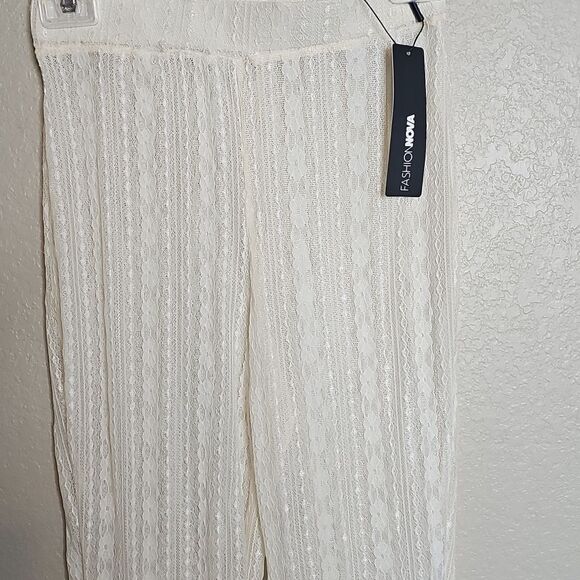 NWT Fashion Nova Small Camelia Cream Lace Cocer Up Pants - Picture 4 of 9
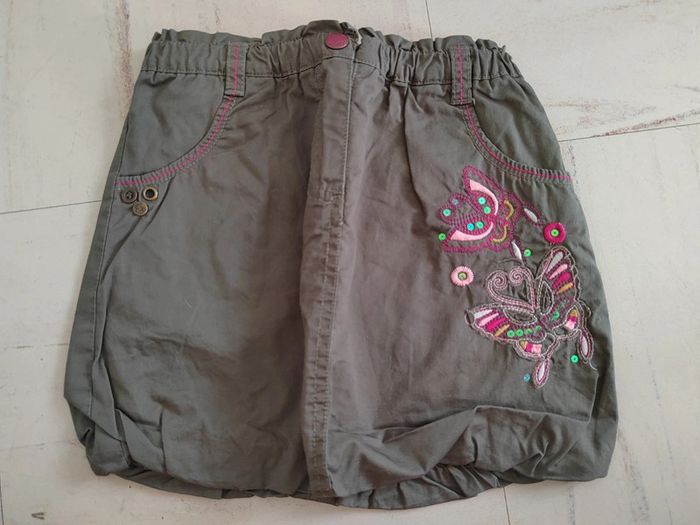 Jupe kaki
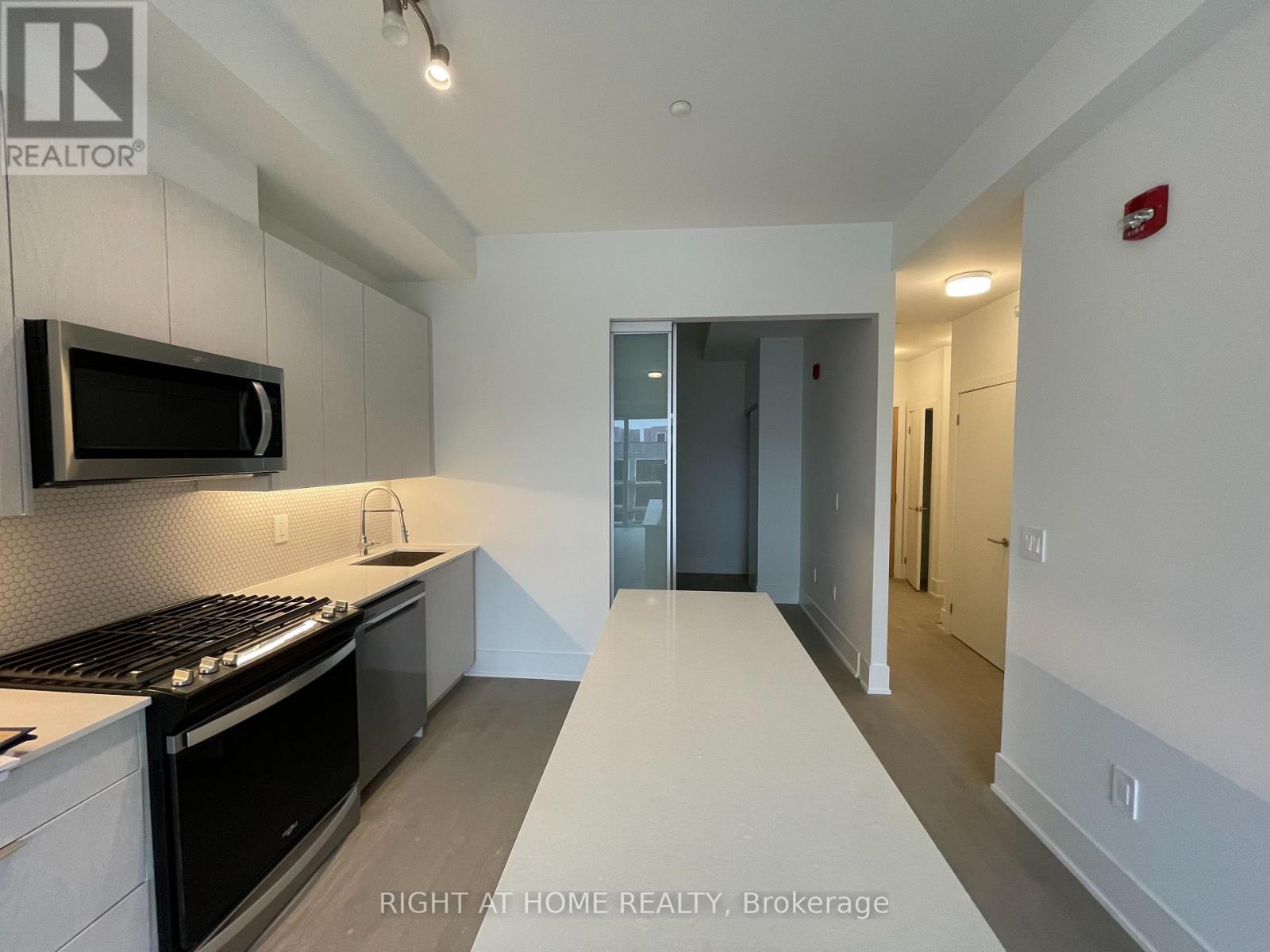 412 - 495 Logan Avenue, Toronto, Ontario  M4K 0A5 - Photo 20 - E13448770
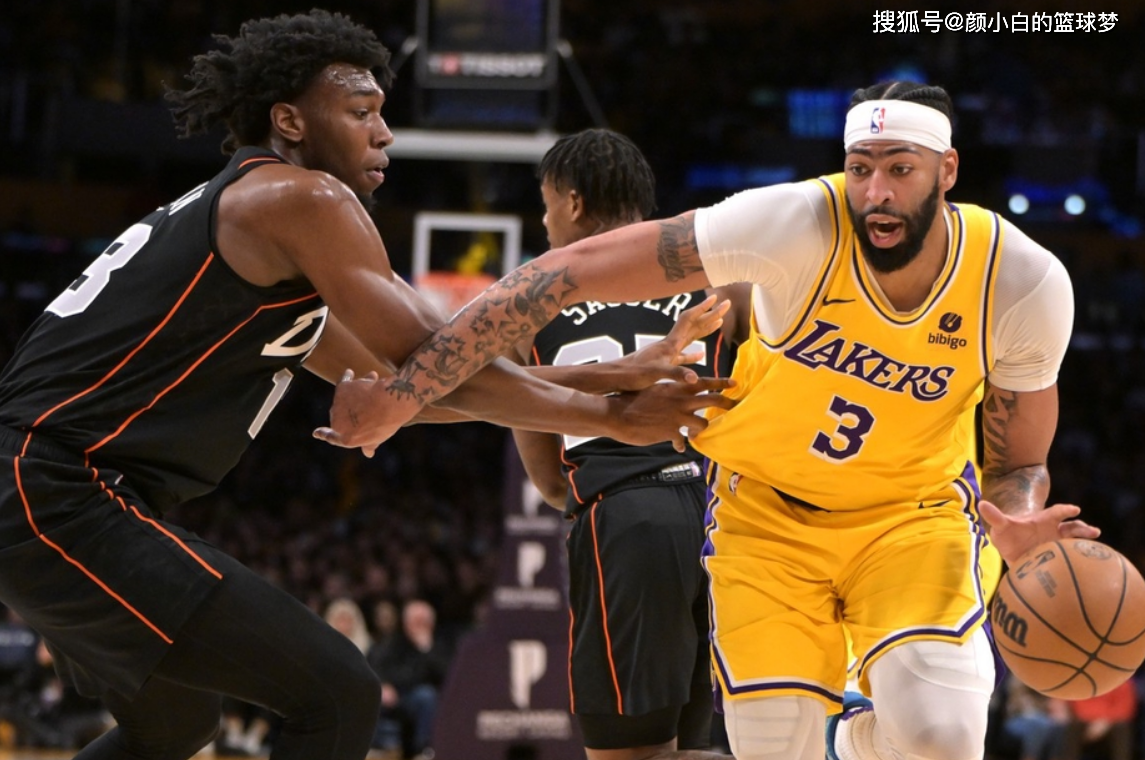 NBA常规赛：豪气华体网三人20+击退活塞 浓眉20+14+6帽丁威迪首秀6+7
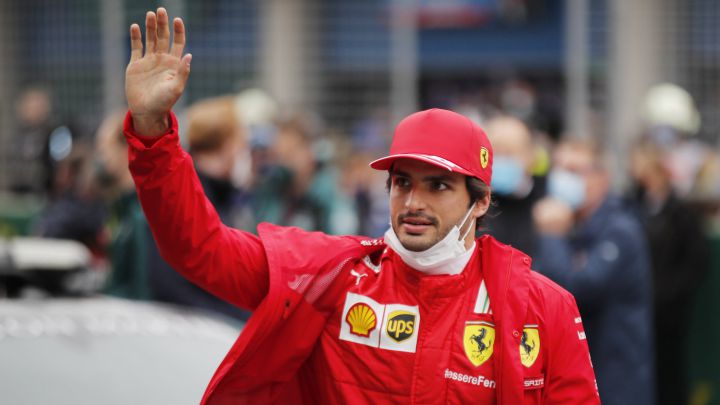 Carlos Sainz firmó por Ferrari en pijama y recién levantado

==

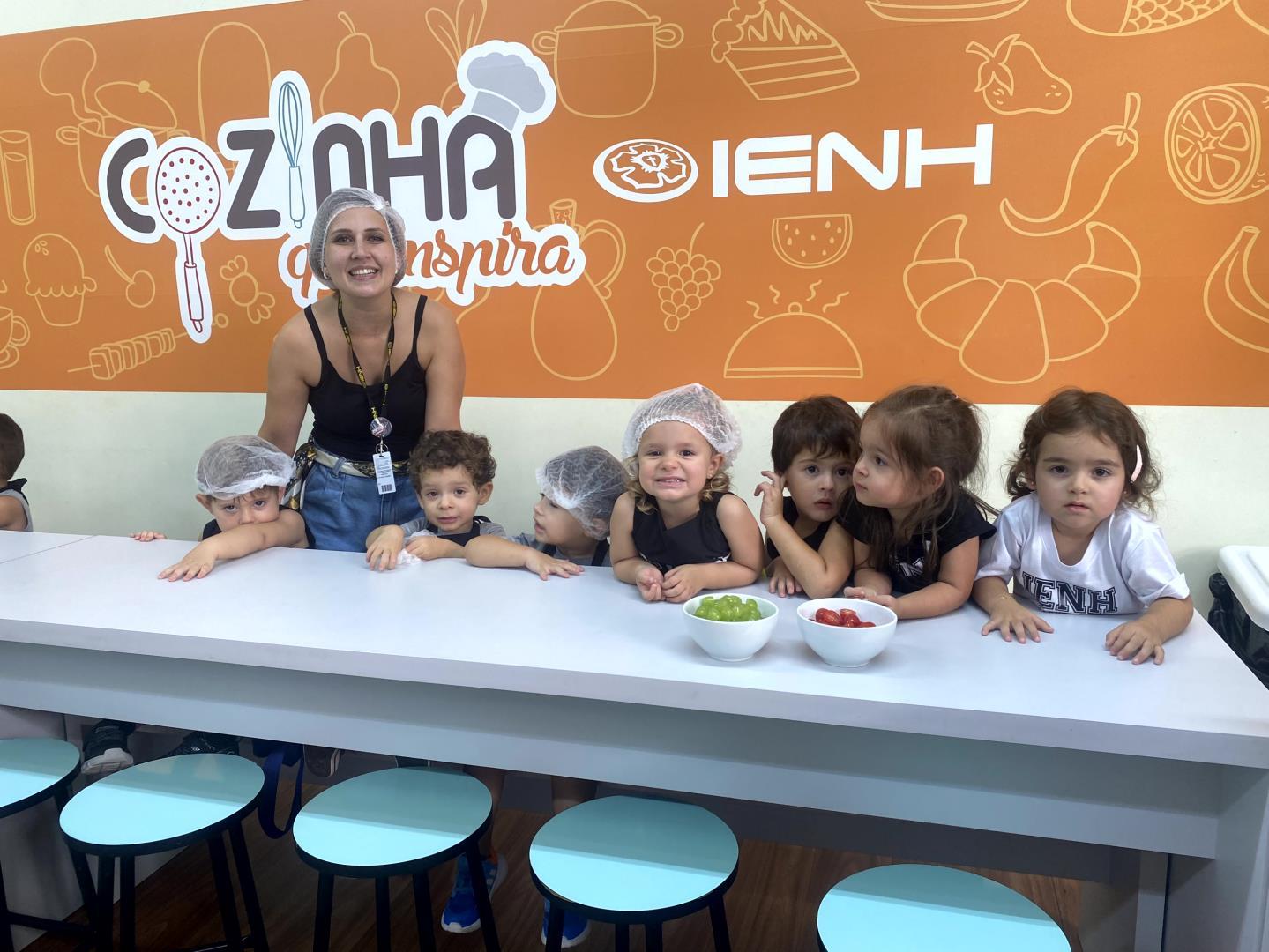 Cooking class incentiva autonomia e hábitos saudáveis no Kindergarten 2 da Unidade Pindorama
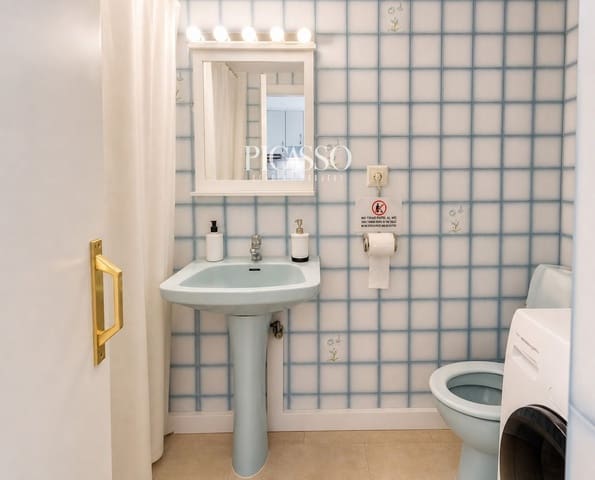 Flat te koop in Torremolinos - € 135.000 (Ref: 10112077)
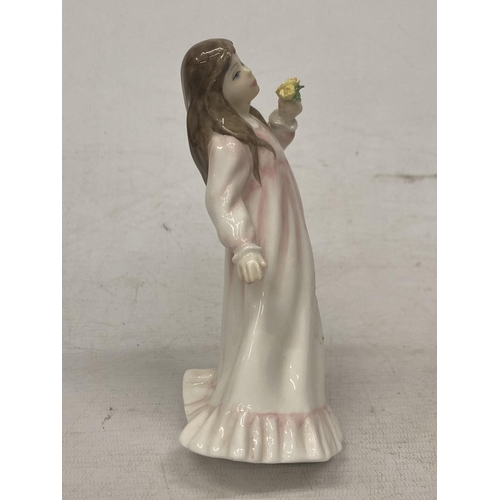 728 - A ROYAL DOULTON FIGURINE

§ Task prompt
Every line above between the one containing "NWT Fashion Nova" and the one containing "Carlos Sainz firmó", those two included, is to be printed exactly. No pictures go into the copy.

§ Result for this task
 NWT Fashion Nova Small Camelia Cream Lace Cocer Up Pants - Picture 4 of 9
 Jupe kaki
 412 - 495 Logan Avenue, Toronto, Ontario  M4K 0A5 - Photo 20 - E13448770
 NBA常规赛：豪气华体网三人20+击退活塞 浓眉20+14+6帽丁威迪首秀6+7
 Carlos Sainz firmó por Ferrari en pijama y recién levantado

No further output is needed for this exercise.